Почему вторая часть называется «По поводу мокрого снега», можно понять лишь в свете журнальной полемики 1860 г., которую вели писатели, любившие символы, аллюзии и все в таком роде. Быть может, это — символ чистоты, ставшей сырой и тусклой. Эпиграф, содержащий тонкий намек, взят из лирического стихотворения современника Достоевского — Некрасова.
События, которые собирается описать наш человек из подполья во второй части, относятся к 1840-м гг. В то время он был так же мрачен, как и теперь, и ненавидел своих сослуживцев так же, как ненавидит их ныне. Он питал ненависть даже к самому себе. Он вспоминает о самоуничижении. Независимо от того, презирал он человека или нет, он опускал перед ним глаза. «Я даже опыты делал: стерплю ли я взгляд вот хоть такого-то на себе, и всегда опускал я первый». Это доводило его до бешенства. Он признается в трусости, но утверждает, что любой порядочный человек в наше время должен быть трусом. В какое время? В 1840-е или в 1860-е гг.? Исторически, политически, социально — это две непохожие эпохи. 1844 г. — период реакции, разгула деспотизма. 1864-й, когда писались эти записки, — время перемен, просвещения, великих реформ. Но мир Достоевского, несмотря на приметы времени, — серый мир душевнобольных, где ничего не меняется, кроме, быть может, покроя военного мундира — конкретная деталь, неожиданно промелькнувшая в тексте.

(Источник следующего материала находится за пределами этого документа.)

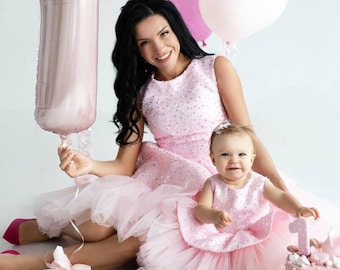 Pink Sparkling Matching Dresses, Mommy and Me, Birthday Dress, Party Tutu Dresses, Wedding Guest Dress, Family Gown For Photoshoot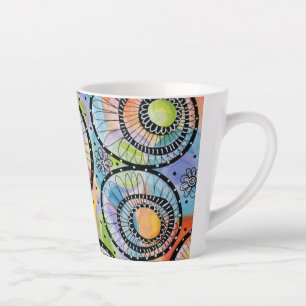Colorful Circle Doodle Design Latte Mug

Несколько страниц посвящены тем, кого наш человек из подполья называет романтиками. Современный читатель не может понять подтекста, не вникнув в газетную полемику 50-х и 60-х гг. прошлого века. Достоевский и человек из подполья явно имеют в виду «лжеидеалистов», то есть людей, у которых жажда добра и красоты прекрасно уживается с карьеризмом и стремлением к материальным благам. (Славянофилы обвиняли западников в поклонении идолам, а не идеалам.) Все это изложено достаточно путанно и туманно, и нам ни к чему погружаться в этот туман. Мы узнаем, что человек из подполья украдкой, в одиночку ночью предается «развратику», для чего «ходит по всяким темным местам». (Как не вспомнить Сен-Пре, господина из романа Руссо «Юлия», который точно так же запирался в дальней комнате в доме греха, где он предавался возлияниям белого вина, считая его водой, а затем оказывался в объятиях une creature,[2] как он выражался. Так описывали грех в сентиментальных романах.)
Тема «кто кого переглядит» получает новый поворот, сменяясь темой «кто кого отпихнет». Нашего подпольного жителя — это плюгавое, тщедушное существо — отталкивает прохожий, военный высокого роста. Человек из подполья то и дело встречает его на Невском проспекте (так называется главная улица в Петербурге) и всякий раз клянется себе, что не свернет с дороги, и всякий раз сворачивает, давая гиганту-офицеру гордо прошествовать мимо. Но однажды человек из подполья наряжается как на дуэль или на похороны и с трепетом сердечным твердо решает не уступать ему дороги. Тогда офицер отшвыривает его, как резиновый мячик. Он делает еще одну попытку преградить ему путь, и ему удается сохранить равновесие — они резко сталкиваются плечом к плечу и проходят друг мимо друга «совершенно на равной ноге». Человек из подполья в восторге. Он достиг своего единственного триумфа!